* **DATA PROVIDED**
..............................

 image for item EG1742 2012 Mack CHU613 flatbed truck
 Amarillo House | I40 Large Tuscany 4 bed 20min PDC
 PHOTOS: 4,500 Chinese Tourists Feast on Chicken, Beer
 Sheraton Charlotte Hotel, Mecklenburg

..............................

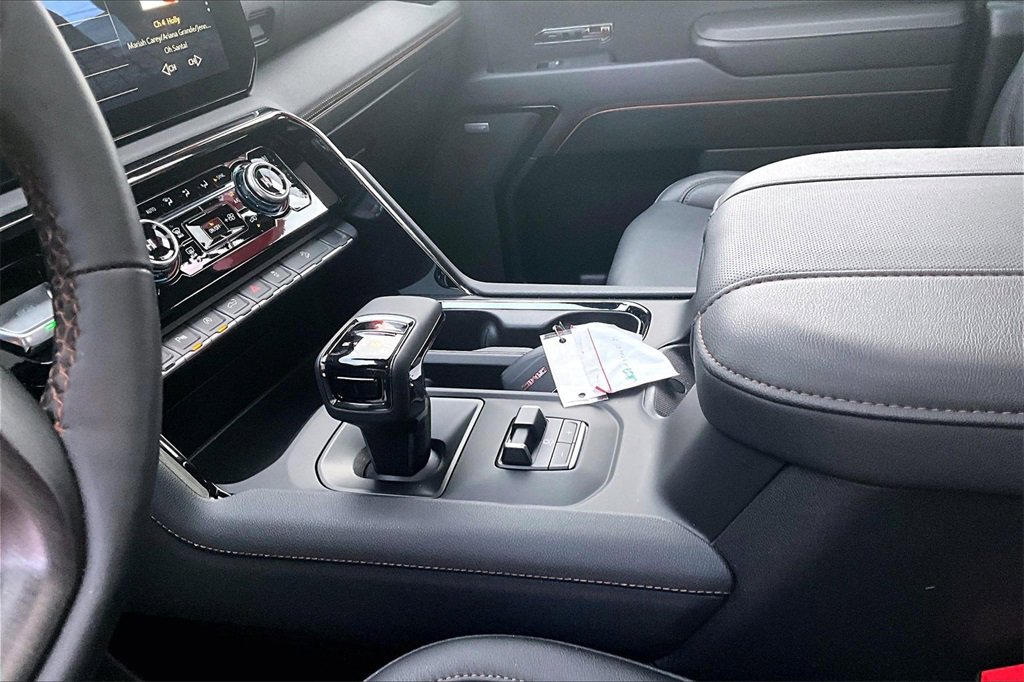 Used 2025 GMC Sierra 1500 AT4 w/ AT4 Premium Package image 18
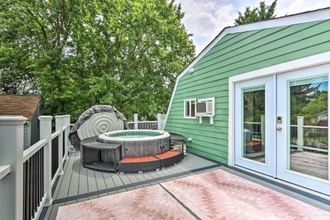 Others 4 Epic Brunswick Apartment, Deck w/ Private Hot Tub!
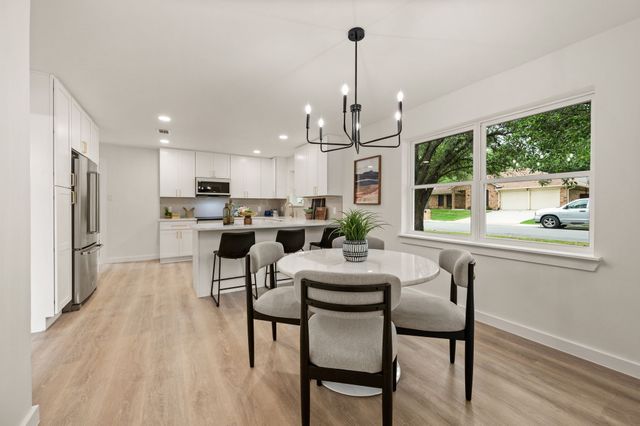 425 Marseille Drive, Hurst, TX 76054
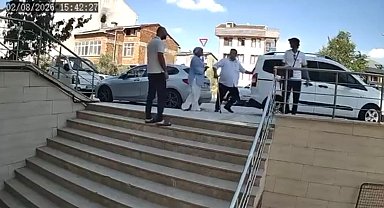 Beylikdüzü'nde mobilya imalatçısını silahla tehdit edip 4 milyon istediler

..............................

* **TASK PROMPT**
Keep to the stretch from the line containing "Used 2025 GMC" through the line containing "Beylikdüzü'nde mobilya imalatçısını", both ends included, and copy it exactly from the listing above, minus the pictures.

* **YOUR SOLUTION**
 Used 2025 GMC Sierra 1500 AT4 w/ AT4 Premium Package image 18
 Others 4 Epic Brunswick Apartment, Deck w/ Private Hot Tub!
 425 Marseille Drive, Hurst, TX 76054
 Beylikdüzü'nde mobilya imalatçısını silahla tehdit edip 4 milyon istediler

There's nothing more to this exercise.